(Image-text web data)
-- -- --
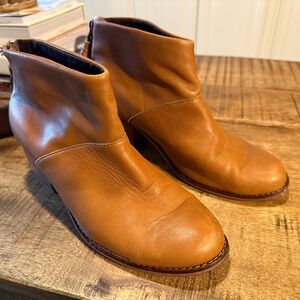 Toms Brown Leather Ankle Booties Carpe Diem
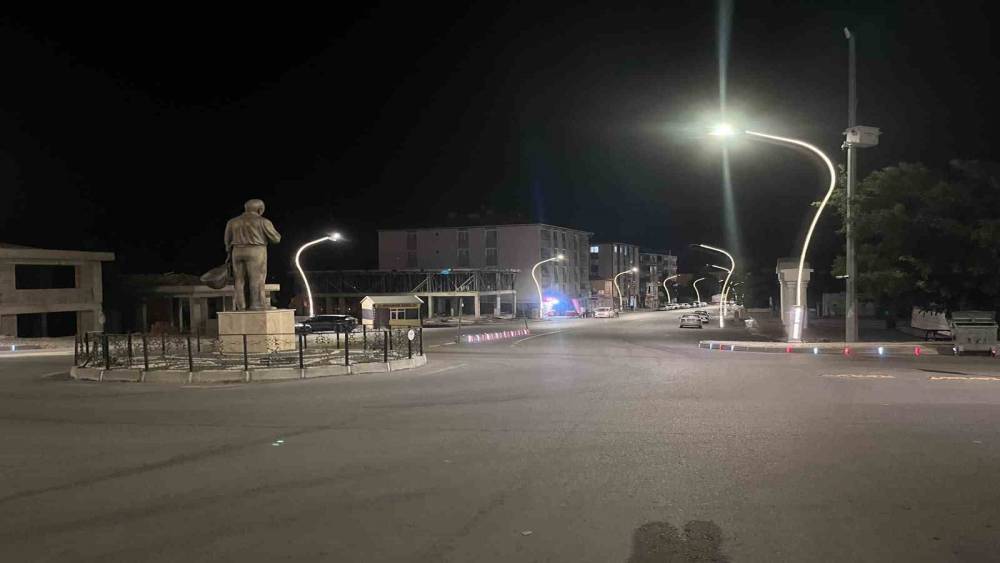 Kırşehir&rsquo;de 3.4 b&uuml;y&uuml;kl&uuml;ğ&uuml;nde deprem
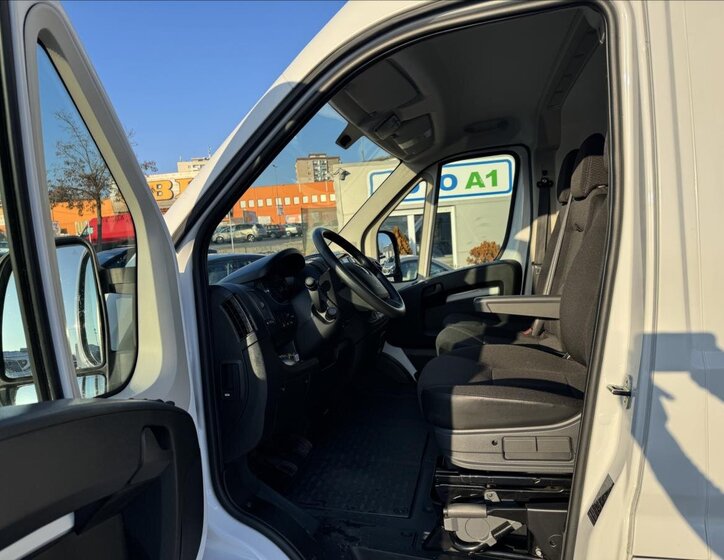 Opel Movano Skříň 2,2 l 103 kw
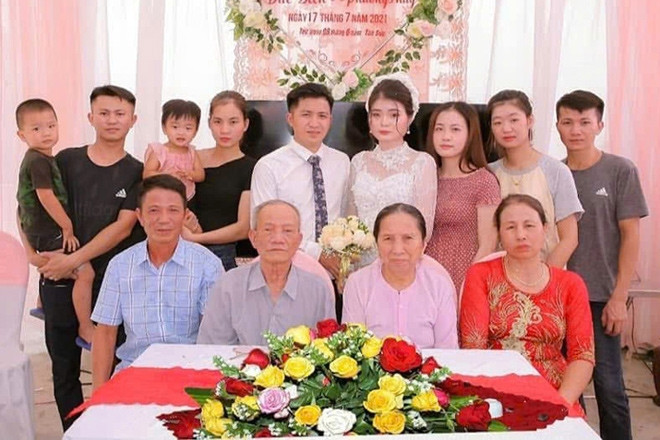 Chị em ruột ở Hải Phòng cùng làm dâu một nhà, bố mẹ dặn dò điều xúc động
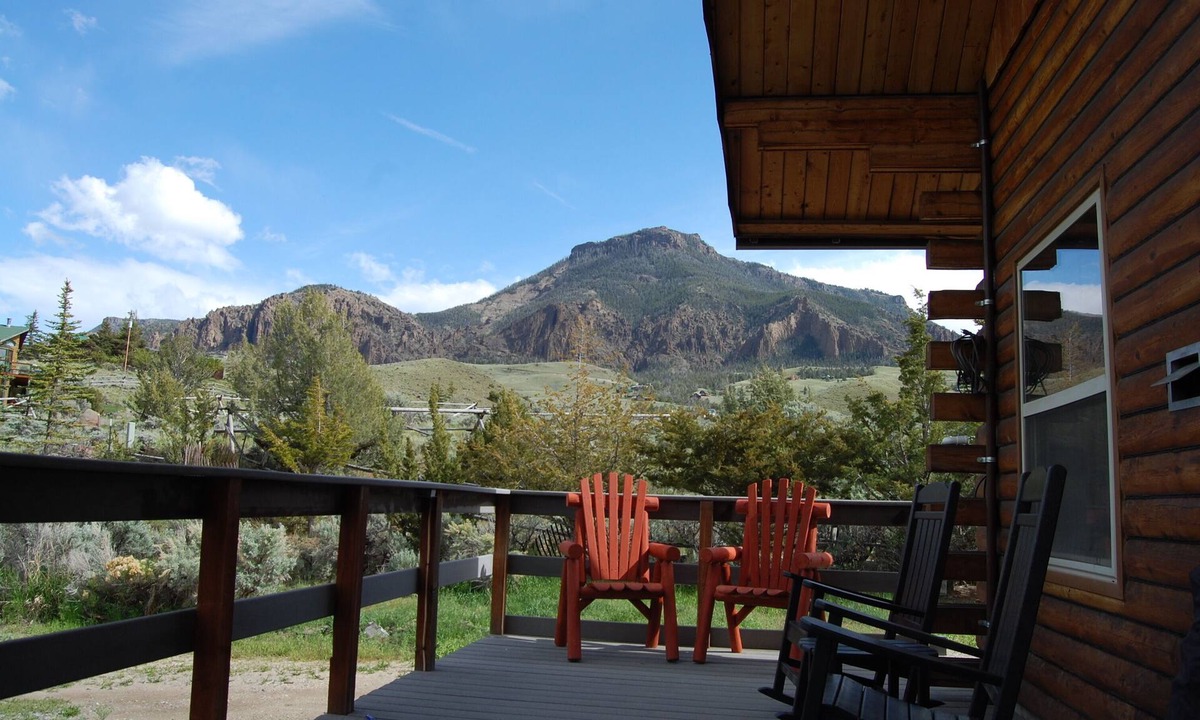 Wapiti Cabin | 1400 sqft Cabin 30 Miles from Yellowstone NOW WITH INTERNET!
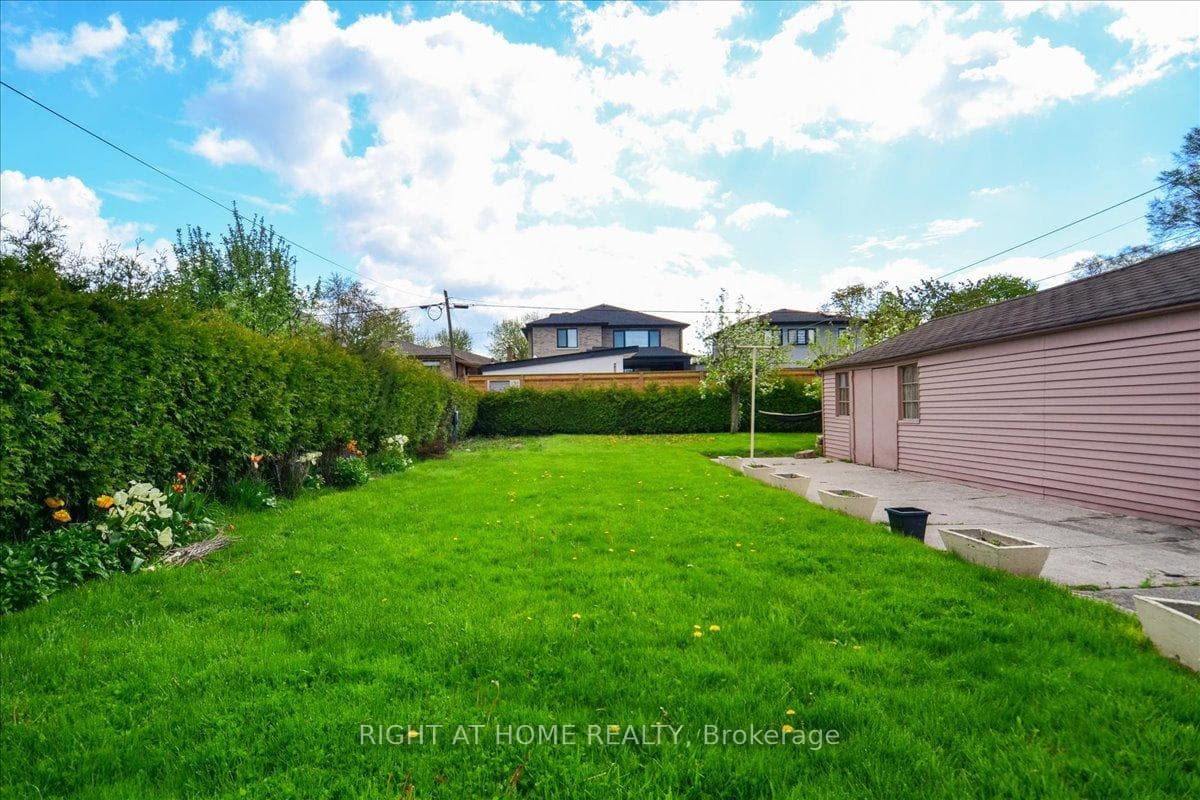 35 Ingleside Drive Unit Upper photo 8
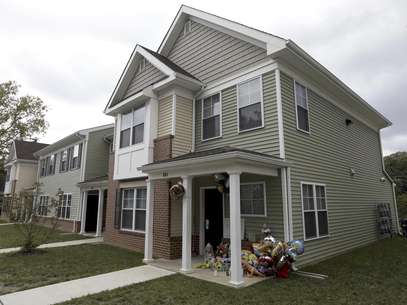 Un memorial improvisado en honor al niño Dominick Andujar es colocado en su casa en Nueva Jersey, el martes 4 de septiembre de 2012. Foto: Matt Rourke / AP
-- -- --
## TO DO
Your answer must consist only of the lines from the one containing "Chị em ruột" through the end of the entries, restated word for word, with no pictures.

## ANSWER SPACE
 Chị em ruột ở Hải Phòng cùng làm dâu một nhà, bố mẹ dặn dò điều xúc động
 Wapiti Cabin | 1400 sqft Cabin 30 Miles from Yellowstone NOW WITH INTERNET!
 35 Ingleside Drive Unit Upper photo 8
 Un memorial improvisado en honor al niño Dominick Andujar es colocado en su casa en Nueva Jersey, el martes 4 de septiembre de 2012. Foto: Matt Rourke / AP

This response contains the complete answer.